DYSPEPSIA GENERATION

We have seen the future, and it sucks.

CLICHÉS OF PROGRESSIVISM #37 – If FDR’s New Deal Didn’t End the Depression, Then It Was World War II That Did

28th December 2014

Read it.

Let’s be blunt. If the recipe for economic recovery is putting tens of millions of people in defense plants or military marches, then having them make or drop bombs on our enemies overseas, the value of world peace is called into question. In truth, building tanks and feeding soldiers—necessary as it was to winning the war—became a crushing financial burden. We merely traded debt for unemployment. The expense of funding World War II hiked the national debt from $49 billion in 1941 to almost $260 billion in 1945. In other words, the war had only postponed the issue of recovery.

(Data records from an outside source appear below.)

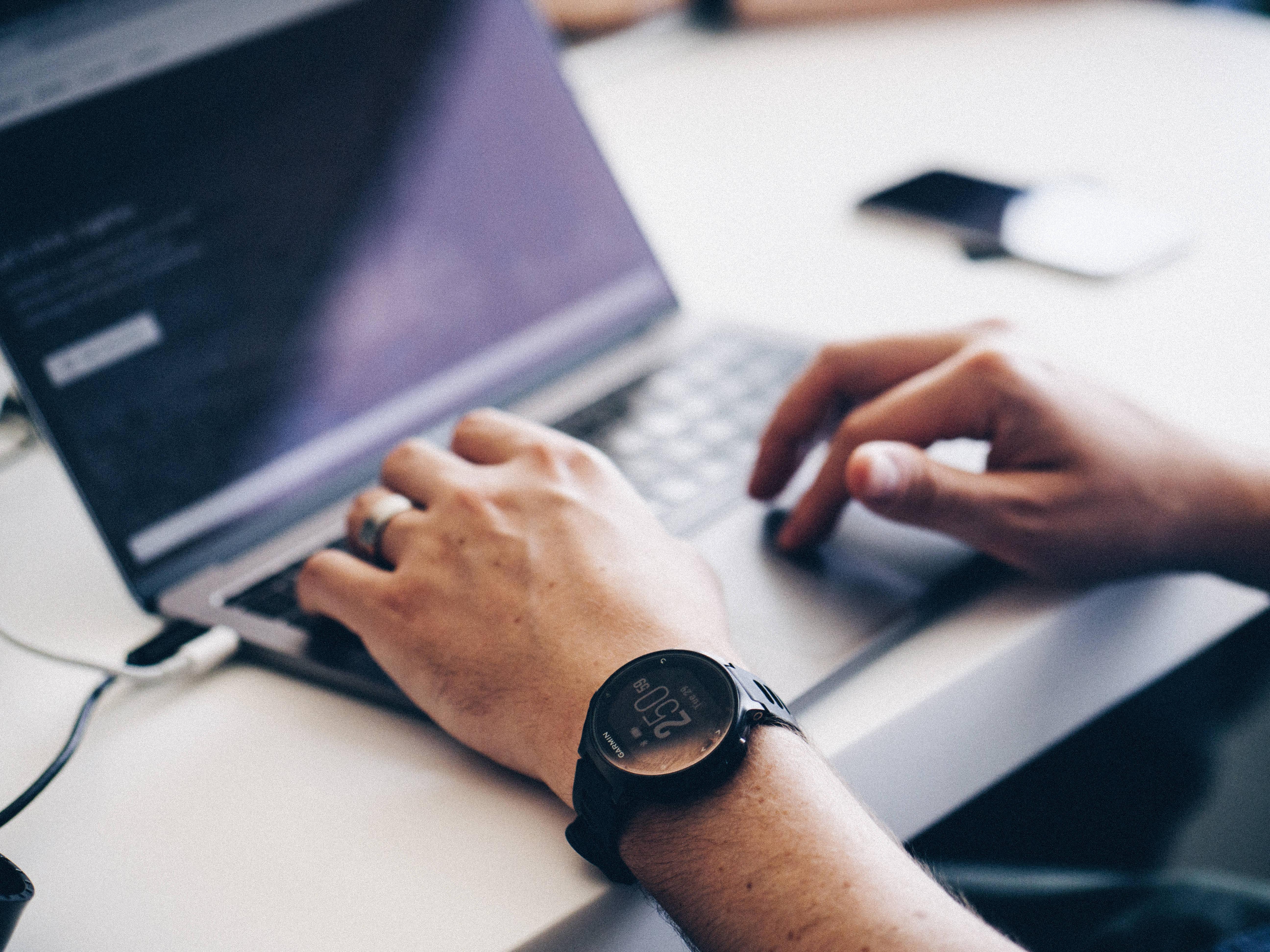 Sleek Silver Macbook Pro on a Wooden Desk — 5184x3888 wallpaper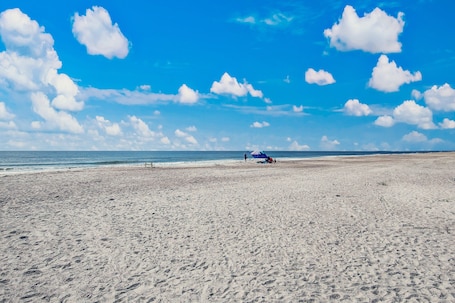 Una playa cerca, sombrillas, toallas de playa, surf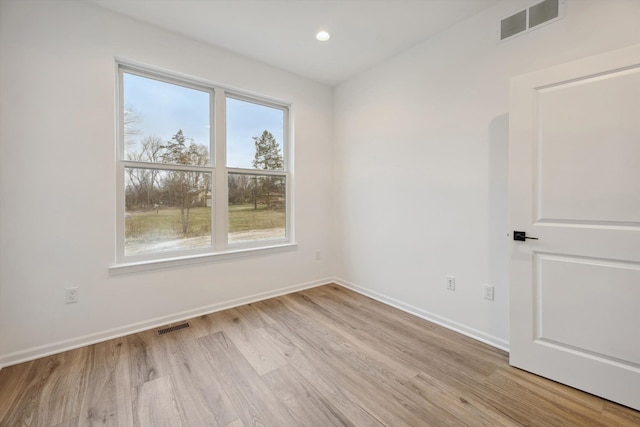 unfurnished room with light wood-type flooring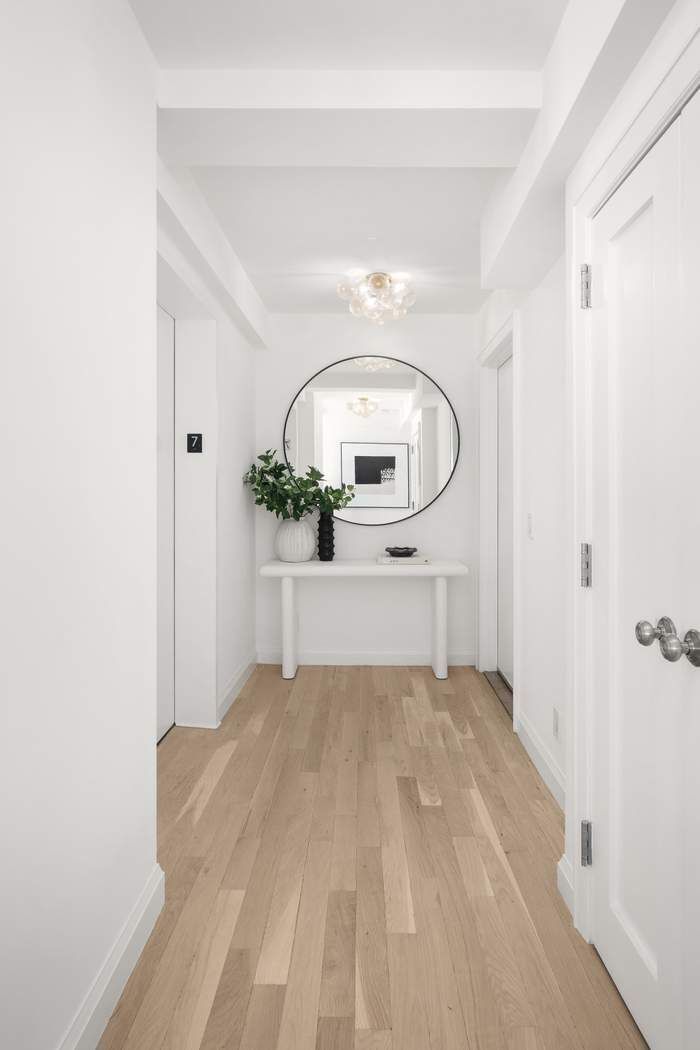 435 East 76th Street, Unit PHB Manhattan, NY 10021 - Photo 5 of 28 a view of a bedroom with wooden floor and window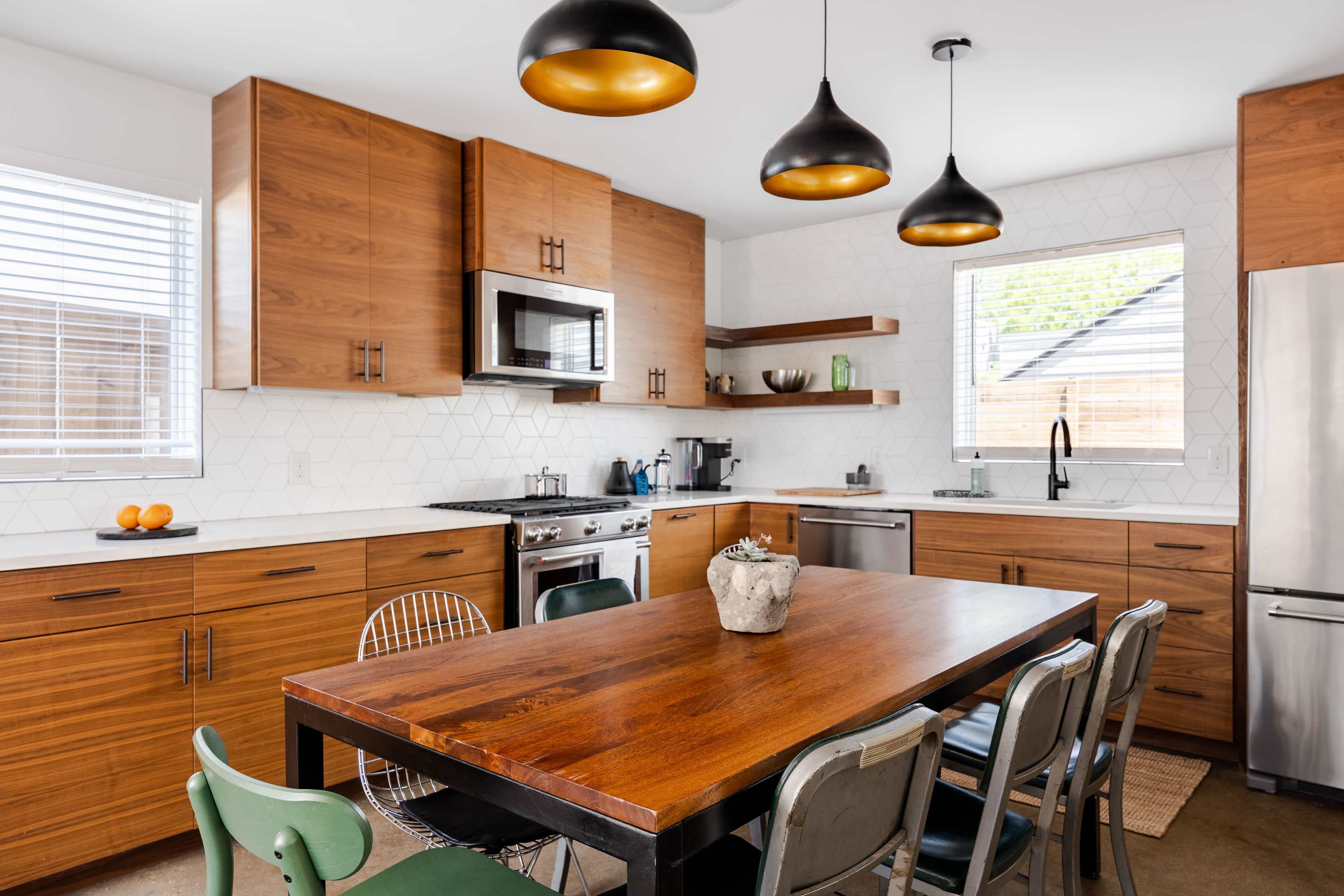 A modern kitchen featuring wooden cabinets, a stainless steel refrigerator, a central wooden dining table, and three pendant lights hanging above.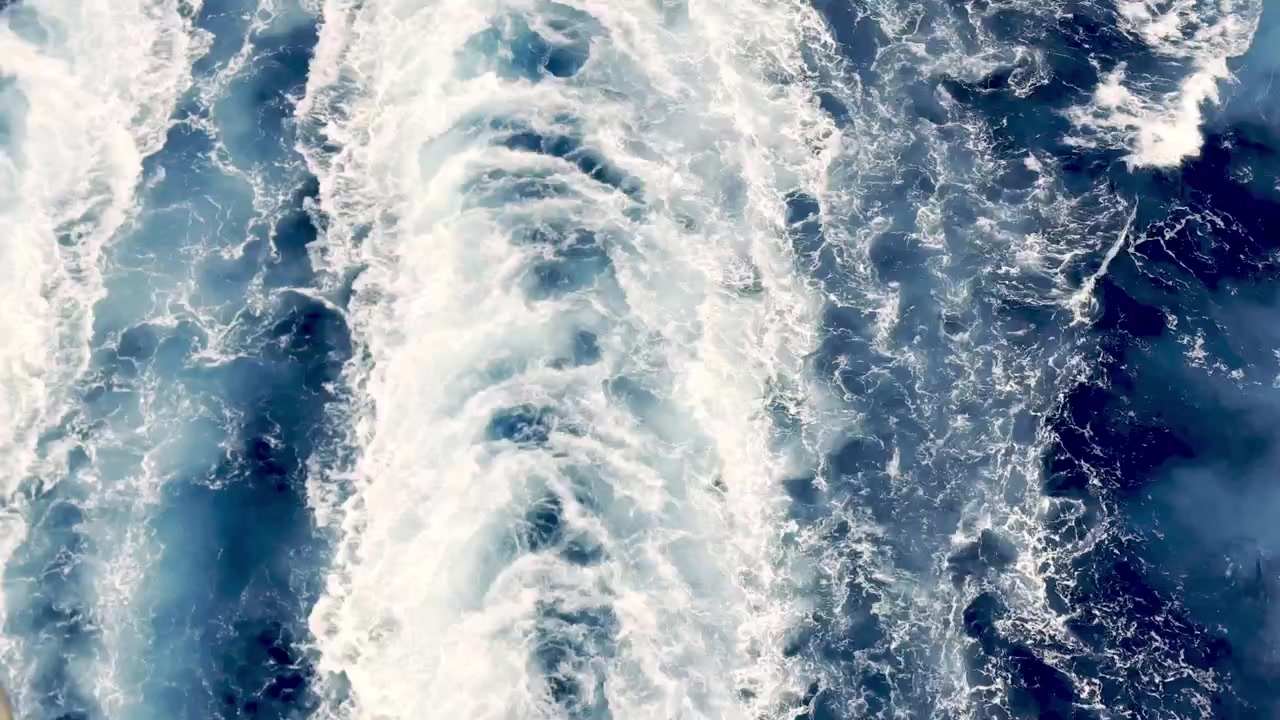 Schäumende weiße Heckwelle pflügt durch tiefblaues karibisches Wasser hinter einem fahrenden Kreuzfahrtschiff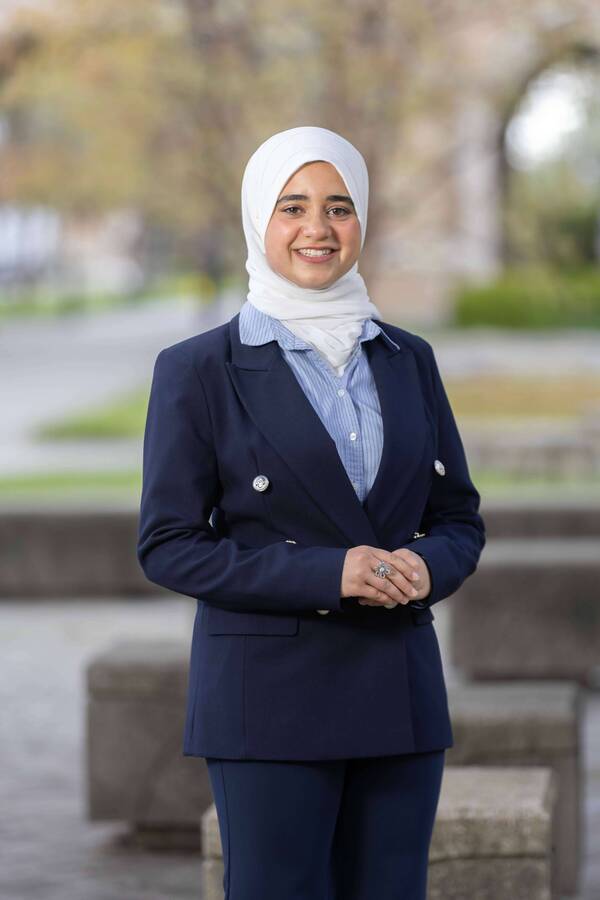 Smiling young woman in a white hijab, blue striped shirt, and navy blazer, hands clasped, outdoors.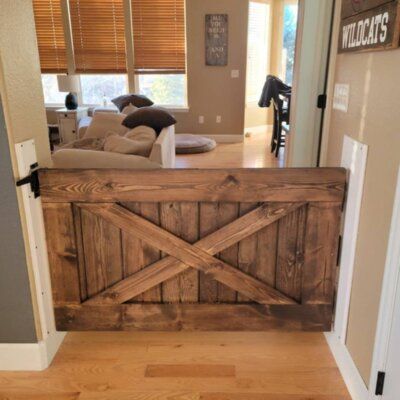 These handmade baby/pet gates come totally customizable. Hardware not included. Gates can come pained white, stained, or unfinished. | Stumps Custom Wood Paneled Wood Barn Door without Installation Hardware Kit Wood in Brown, Size 36.0 H x 36.0 W in | Wayfair Basement Stairway, Pet Gates, Wood Barn Door, Wood Barn, Basement Stairs, Inspire Me Home Decor, Western Homes, Barn Style House, Western Home Decor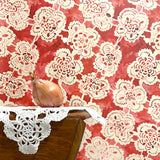 Doily with a red floral pattern on a wooden surface
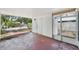 Covered outdoor patio featuring ample space, access door, and a view of the property at 503 Holt Cir, Winter Haven, FL 33880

Roosevelt’s death in the last year of the war prevented him from unveiling his New Deal revival. But President Harry Truman was on board for most of the new reforms. In the months after the end of the war Truman gave major speeches showcasing a full employment bill—with jobs and spending to be triggered if people failed to find work in the private sector. He also endorsed a national health care program and a federal housing program.

But 1946 was very different from 1933. In 1933 large Democratic majorities in Congress and public support gave FDR his New Deal, but stagnation and unemployment persisted. By contrast, Truman had only a small Democratic majority—and no majority at all if you subtract the more conservative southern Democrats. Plus, the failure of FDR’s New Deal left fewer Americans cheering for an encore.